Materialists and atheists hardly live consistently with their worldview.  Instead, they say we are nothing more than the result of physical or chemical processes, but in reality they make choices every day and do cry out “This is unfair” or “This can’t be right.”  They know when they see right and wrong.

The reality is, they deny real choice and a sense of morality because they want to escape any thought of being held accountable for their life.

One of the more consistent arguments against Christianity is the existence of evil.  If there is a God, why does He allow evil?  Well, there are several possible answers to that, but let me just say that we all have questions at times of “Why do innocent people suffer?” and “Why do bad people get away with it?”

That seems to be part of the issue Solomon is dealing with here in vv. 16-18.

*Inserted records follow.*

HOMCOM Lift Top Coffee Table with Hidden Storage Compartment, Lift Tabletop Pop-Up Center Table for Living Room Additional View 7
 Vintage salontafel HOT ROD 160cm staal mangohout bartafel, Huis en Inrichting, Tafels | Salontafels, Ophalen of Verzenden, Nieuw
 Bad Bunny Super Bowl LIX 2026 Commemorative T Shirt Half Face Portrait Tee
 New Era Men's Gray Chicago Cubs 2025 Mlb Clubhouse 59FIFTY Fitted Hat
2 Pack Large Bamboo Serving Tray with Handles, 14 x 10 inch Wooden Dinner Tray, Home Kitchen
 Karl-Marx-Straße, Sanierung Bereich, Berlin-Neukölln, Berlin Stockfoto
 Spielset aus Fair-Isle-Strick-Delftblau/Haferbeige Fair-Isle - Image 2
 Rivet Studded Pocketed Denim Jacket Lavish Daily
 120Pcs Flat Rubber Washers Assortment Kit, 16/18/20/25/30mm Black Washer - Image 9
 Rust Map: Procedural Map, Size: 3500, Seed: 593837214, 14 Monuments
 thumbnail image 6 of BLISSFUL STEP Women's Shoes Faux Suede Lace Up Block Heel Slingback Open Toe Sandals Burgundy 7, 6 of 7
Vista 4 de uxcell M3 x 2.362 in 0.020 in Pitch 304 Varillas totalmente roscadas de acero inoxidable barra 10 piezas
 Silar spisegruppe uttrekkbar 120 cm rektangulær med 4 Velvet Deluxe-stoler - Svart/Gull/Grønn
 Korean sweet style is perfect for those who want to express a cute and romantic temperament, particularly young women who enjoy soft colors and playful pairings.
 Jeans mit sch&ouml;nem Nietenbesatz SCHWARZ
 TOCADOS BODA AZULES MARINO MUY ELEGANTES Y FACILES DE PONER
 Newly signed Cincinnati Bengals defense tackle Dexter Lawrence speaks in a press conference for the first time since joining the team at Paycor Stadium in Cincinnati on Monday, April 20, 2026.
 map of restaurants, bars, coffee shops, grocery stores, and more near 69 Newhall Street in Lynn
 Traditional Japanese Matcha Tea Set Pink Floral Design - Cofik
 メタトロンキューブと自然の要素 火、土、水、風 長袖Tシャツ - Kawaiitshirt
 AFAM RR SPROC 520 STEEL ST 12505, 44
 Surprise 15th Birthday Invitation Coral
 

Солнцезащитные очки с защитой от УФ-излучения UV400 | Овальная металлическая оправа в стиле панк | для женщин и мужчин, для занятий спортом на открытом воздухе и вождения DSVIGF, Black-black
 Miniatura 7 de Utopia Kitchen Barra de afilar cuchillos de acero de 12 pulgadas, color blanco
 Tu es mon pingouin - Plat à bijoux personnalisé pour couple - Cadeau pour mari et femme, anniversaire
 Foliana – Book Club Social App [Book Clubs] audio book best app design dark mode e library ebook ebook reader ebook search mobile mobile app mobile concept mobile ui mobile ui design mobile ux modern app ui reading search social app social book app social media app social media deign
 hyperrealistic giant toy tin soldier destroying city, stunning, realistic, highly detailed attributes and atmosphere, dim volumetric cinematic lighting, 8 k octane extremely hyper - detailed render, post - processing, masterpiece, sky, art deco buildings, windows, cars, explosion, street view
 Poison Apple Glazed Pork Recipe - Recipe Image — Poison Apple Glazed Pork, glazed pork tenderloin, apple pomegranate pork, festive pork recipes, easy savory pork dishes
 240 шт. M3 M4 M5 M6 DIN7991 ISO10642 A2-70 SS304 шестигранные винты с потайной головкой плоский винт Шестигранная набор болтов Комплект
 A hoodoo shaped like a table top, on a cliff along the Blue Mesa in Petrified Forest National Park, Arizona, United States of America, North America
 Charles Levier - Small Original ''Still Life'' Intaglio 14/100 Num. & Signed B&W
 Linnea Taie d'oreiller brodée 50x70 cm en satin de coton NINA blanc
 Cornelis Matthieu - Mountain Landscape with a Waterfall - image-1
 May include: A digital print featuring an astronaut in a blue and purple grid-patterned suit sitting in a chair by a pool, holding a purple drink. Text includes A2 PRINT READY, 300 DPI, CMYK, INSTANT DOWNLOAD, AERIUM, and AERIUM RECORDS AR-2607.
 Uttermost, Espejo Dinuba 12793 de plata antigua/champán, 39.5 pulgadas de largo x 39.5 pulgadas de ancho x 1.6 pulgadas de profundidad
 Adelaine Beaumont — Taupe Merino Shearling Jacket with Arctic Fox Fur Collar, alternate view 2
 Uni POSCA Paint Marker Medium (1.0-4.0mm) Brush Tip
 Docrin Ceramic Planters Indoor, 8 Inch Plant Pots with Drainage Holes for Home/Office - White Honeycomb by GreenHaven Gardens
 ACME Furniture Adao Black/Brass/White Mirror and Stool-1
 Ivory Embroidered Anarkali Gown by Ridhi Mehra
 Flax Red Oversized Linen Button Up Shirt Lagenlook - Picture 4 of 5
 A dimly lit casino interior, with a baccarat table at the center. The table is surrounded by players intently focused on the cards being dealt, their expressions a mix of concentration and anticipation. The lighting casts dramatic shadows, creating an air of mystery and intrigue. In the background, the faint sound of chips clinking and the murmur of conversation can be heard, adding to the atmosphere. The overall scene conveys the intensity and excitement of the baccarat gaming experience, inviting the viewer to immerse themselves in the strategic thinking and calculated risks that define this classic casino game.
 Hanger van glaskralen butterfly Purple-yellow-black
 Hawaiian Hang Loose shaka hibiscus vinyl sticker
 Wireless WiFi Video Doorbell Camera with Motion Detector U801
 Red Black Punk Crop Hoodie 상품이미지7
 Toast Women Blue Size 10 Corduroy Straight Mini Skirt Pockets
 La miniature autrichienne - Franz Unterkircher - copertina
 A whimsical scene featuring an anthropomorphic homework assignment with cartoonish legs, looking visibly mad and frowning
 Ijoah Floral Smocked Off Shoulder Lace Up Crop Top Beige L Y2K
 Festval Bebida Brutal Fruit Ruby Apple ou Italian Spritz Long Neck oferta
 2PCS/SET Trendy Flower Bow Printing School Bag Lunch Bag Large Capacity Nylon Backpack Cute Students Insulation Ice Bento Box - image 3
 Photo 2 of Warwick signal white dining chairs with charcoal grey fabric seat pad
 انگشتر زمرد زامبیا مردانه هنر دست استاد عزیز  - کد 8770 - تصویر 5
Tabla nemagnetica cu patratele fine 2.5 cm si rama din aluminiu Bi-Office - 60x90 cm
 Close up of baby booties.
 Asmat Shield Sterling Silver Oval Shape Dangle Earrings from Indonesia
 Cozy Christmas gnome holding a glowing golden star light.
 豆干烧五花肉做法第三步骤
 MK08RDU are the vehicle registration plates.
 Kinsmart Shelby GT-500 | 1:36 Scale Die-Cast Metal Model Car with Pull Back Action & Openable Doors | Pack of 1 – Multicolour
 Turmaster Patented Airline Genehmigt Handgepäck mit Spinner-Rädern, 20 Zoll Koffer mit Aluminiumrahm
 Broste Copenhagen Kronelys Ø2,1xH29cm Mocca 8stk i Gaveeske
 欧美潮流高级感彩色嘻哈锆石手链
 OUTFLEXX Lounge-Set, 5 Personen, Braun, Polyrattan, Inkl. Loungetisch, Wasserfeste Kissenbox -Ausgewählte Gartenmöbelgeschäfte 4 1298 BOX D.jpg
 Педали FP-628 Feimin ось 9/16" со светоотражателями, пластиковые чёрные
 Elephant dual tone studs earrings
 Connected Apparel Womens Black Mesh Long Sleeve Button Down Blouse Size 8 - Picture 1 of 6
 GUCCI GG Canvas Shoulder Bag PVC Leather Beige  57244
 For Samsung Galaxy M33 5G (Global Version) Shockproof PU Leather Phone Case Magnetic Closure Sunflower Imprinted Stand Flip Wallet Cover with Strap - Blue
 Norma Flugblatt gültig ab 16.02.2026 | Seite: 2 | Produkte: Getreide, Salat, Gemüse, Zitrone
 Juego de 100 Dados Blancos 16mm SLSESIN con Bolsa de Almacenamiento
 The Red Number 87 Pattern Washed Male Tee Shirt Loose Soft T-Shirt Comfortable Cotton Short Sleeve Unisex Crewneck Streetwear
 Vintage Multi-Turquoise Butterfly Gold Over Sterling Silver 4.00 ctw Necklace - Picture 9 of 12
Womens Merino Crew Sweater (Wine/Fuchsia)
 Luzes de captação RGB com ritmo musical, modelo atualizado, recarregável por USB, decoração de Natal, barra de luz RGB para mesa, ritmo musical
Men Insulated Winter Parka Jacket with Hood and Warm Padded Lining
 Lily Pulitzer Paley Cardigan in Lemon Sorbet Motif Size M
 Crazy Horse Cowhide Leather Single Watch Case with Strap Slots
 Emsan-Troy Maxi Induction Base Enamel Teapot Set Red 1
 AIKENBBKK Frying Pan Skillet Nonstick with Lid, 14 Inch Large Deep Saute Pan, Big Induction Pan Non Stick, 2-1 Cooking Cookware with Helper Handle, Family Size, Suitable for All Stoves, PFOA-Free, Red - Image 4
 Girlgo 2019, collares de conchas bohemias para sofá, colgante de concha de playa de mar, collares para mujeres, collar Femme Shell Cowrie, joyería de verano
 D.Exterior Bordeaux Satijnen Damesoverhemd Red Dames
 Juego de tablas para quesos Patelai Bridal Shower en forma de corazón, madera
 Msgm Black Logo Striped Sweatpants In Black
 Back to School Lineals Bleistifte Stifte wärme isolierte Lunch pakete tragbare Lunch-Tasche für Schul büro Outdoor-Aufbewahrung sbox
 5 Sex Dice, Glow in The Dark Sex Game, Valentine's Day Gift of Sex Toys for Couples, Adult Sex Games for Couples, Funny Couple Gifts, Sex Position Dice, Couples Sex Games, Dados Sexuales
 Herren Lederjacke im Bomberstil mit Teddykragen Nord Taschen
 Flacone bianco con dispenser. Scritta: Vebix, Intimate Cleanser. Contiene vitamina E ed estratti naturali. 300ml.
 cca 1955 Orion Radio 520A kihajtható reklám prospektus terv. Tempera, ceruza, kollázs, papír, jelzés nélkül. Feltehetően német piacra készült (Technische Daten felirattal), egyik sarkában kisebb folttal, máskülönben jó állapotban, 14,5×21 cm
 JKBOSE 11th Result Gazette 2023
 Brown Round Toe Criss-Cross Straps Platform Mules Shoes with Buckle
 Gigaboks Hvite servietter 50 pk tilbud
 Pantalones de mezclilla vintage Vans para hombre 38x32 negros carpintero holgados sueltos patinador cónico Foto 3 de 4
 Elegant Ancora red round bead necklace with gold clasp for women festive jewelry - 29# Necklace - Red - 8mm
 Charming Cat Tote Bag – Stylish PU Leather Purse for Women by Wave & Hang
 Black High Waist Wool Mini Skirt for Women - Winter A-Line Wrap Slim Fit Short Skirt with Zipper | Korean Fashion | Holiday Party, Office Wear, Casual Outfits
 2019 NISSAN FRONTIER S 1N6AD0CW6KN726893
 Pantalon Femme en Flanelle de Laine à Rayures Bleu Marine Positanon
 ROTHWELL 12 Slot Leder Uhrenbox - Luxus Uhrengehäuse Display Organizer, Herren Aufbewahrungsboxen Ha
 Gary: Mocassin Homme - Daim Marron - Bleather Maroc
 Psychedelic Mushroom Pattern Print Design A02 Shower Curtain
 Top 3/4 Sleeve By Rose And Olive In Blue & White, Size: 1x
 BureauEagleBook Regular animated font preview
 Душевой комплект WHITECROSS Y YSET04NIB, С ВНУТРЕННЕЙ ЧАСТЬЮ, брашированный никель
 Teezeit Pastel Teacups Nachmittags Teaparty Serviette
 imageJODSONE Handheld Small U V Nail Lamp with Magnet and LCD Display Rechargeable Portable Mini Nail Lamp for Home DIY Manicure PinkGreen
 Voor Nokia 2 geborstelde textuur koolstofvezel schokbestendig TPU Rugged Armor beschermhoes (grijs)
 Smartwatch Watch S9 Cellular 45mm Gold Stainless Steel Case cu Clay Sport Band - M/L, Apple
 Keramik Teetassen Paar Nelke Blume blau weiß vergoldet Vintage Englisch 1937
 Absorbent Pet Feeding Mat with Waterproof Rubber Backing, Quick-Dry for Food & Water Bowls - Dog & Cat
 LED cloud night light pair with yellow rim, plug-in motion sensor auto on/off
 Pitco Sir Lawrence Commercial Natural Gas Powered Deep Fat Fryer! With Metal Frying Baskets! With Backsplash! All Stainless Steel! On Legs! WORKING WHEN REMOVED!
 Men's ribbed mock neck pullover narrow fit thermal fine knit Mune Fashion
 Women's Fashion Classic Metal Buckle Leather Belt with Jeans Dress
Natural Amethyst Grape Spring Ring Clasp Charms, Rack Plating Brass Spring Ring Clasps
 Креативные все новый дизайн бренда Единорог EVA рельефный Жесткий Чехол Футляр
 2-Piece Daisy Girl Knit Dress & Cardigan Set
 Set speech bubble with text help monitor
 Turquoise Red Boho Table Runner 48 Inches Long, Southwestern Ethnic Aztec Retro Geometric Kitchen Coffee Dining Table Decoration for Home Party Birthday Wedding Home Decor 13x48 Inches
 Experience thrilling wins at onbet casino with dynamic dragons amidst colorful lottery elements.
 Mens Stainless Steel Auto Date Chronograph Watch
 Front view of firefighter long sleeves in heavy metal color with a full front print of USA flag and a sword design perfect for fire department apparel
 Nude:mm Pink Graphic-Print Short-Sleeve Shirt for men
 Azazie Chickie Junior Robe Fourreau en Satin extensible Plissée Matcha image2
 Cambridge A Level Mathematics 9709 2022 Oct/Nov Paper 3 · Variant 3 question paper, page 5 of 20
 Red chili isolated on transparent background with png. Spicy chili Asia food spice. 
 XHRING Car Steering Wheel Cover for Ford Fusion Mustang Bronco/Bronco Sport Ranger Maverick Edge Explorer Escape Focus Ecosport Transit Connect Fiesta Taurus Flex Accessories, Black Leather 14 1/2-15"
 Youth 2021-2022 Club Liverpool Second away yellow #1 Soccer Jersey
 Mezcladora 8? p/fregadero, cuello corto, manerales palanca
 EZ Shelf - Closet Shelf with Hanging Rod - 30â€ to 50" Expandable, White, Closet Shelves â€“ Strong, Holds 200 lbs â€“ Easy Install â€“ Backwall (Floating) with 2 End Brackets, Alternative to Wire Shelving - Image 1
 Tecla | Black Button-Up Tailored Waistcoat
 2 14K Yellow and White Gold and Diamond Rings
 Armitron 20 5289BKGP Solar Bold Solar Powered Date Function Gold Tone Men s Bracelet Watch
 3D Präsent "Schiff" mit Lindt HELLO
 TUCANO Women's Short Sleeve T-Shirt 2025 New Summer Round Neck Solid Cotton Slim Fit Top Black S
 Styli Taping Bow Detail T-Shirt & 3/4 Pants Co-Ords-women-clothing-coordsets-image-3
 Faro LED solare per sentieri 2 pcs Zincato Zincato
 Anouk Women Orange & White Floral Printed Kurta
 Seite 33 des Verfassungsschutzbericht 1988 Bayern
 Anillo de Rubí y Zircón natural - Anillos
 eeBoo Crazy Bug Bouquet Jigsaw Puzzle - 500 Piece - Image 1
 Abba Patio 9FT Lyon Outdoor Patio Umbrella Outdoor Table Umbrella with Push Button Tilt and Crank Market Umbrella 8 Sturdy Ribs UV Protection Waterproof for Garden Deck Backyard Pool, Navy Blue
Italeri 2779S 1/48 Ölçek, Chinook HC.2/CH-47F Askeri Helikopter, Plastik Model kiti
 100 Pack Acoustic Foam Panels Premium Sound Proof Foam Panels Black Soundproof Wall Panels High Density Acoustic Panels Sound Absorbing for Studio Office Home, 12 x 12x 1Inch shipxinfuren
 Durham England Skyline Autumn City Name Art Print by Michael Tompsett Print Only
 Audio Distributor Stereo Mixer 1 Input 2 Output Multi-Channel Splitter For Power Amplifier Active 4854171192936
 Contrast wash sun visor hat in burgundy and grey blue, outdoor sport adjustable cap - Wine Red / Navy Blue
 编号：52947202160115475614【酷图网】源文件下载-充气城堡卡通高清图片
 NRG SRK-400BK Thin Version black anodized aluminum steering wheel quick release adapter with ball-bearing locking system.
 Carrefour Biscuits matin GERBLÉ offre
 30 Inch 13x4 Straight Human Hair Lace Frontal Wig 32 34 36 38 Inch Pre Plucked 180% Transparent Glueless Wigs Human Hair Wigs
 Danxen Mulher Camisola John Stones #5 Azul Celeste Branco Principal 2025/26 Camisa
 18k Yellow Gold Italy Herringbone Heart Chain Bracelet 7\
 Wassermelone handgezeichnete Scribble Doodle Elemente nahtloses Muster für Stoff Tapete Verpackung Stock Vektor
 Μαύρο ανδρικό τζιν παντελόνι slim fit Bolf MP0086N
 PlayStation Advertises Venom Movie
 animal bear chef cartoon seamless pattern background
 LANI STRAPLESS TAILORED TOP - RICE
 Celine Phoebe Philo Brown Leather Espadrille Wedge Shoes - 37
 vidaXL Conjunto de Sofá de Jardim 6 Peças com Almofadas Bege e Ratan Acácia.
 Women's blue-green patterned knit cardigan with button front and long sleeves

A phenomenon that makes it most difficult for us to understand God’s ways, and respond to them properly, is the problem of injustice in this life.  Solomon believed God would eventually balance the scales of justice (v. 17), and that He uses injustice for His own purposes (v. 18).

We don’t always get justice here on earth, Solomon says, in v. 16.  There is “wickedness” even in “the place of justice” and “the place of righteousness.”  God has established governing authorities for our good, to reward good and punish evil, according to Romans 13.  But we know it doesn’t always turn out this way.

We believe that life is ordered by moral principles, that when violated, receive punishment.  But that doesn’t always seem to happen, at least not soon, or not in this life at all.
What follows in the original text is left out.